··· GIVEN INFORMATION ···

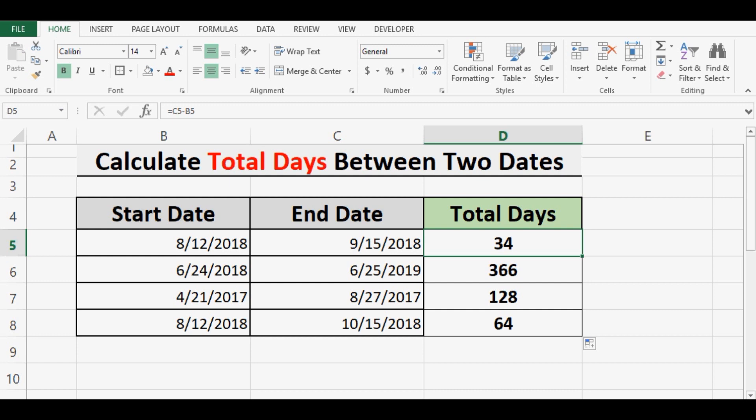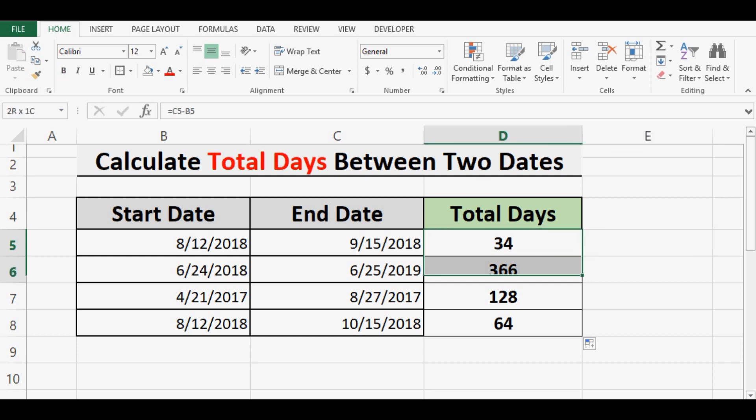Now there is one more formula, DATEDIF, that can also be used to calculate the difference between two dates in days.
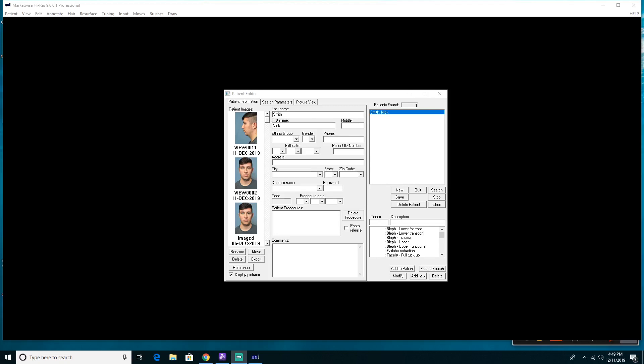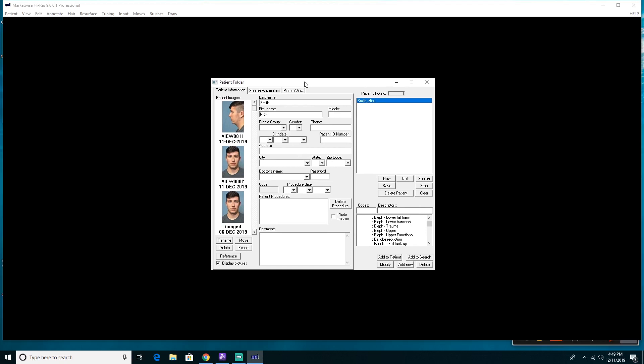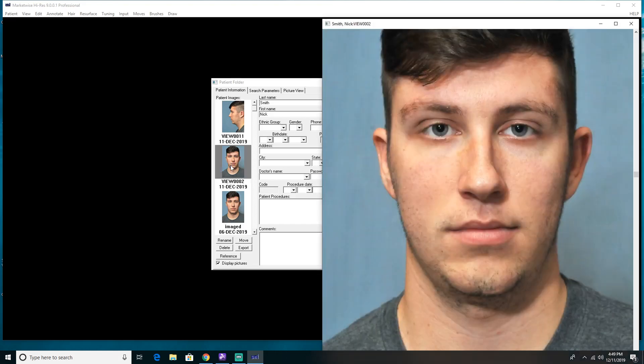How to image a rhinoplasty. We have our patient chart open here for the young man we're going to do a rhinoplasty on. I'm going to double click his front view and here is our young man.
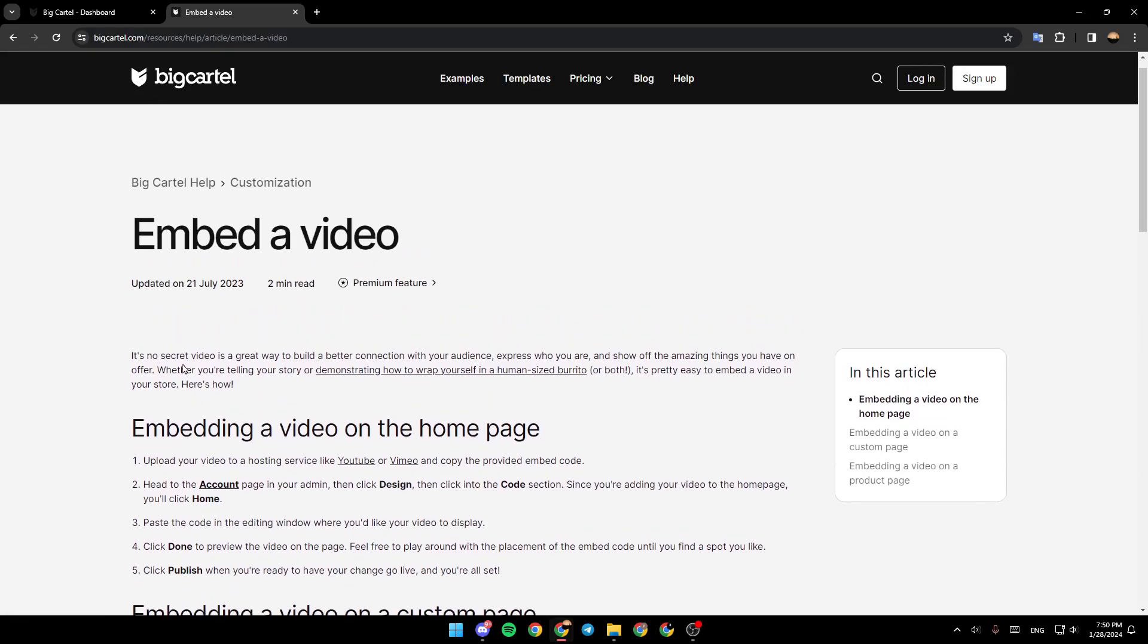It's no secret. Video is a great way to build a better connection with your audience, express who you are, and show off the amazing things you have on offer, whether you're telling your story or demonstrating how to wrap yourself in a human-sized burrito. It's pretty easy to embed a video in your store. Here's how.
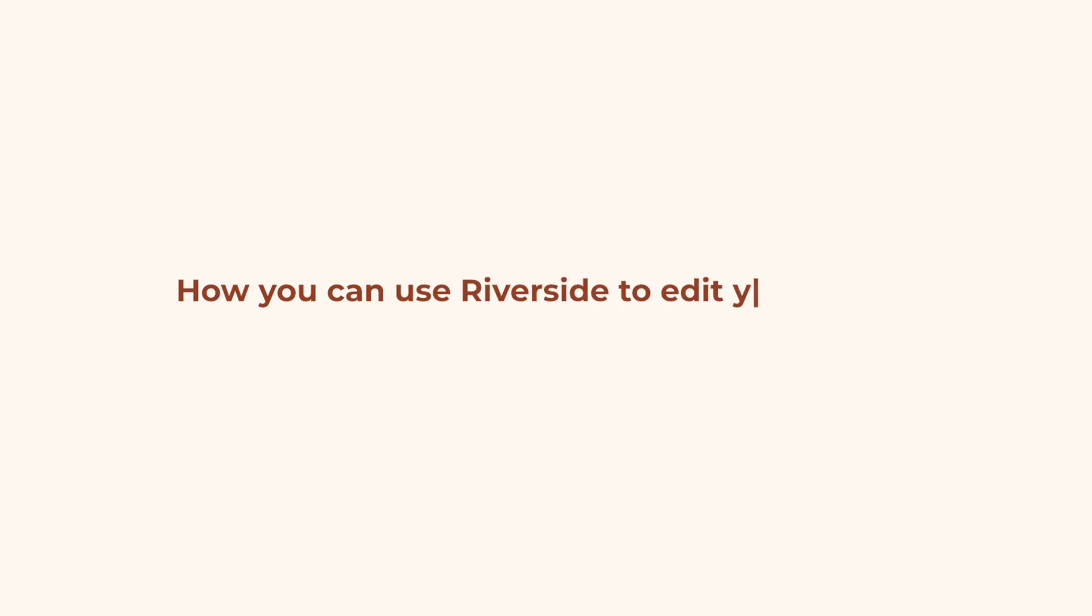In today's video, I'm going to be showing you how you can use Riverside, who are also the sponsors of today's video, to edit your videos quickly and easily.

···

DESCRIPTION OF THE TASK:
Write out the data exactly, and exclude every picture it holds.

SOLUTION TO THIS TASK:
Now there is one more formula, DATEDIF, that can also be used to calculate the difference between two dates in days.
How to image a rhinoplasty. We have our patient chart open here for the young man we're going to do a rhinoplasty on. I'm going to double click his front view and here is our young man.
It's no secret. Video is a great way to build a better connection with your audience, express who you are, and show off the amazing things you have on offer, whether you're telling your story or demonstrating how to wrap yourself in a human-sized burrito. It's pretty easy to embed a video in your store. Here's how.
In today's video, I'm going to be showing you how you can use Riverside, who are also the sponsors of today's video, to edit your videos quickly and easily.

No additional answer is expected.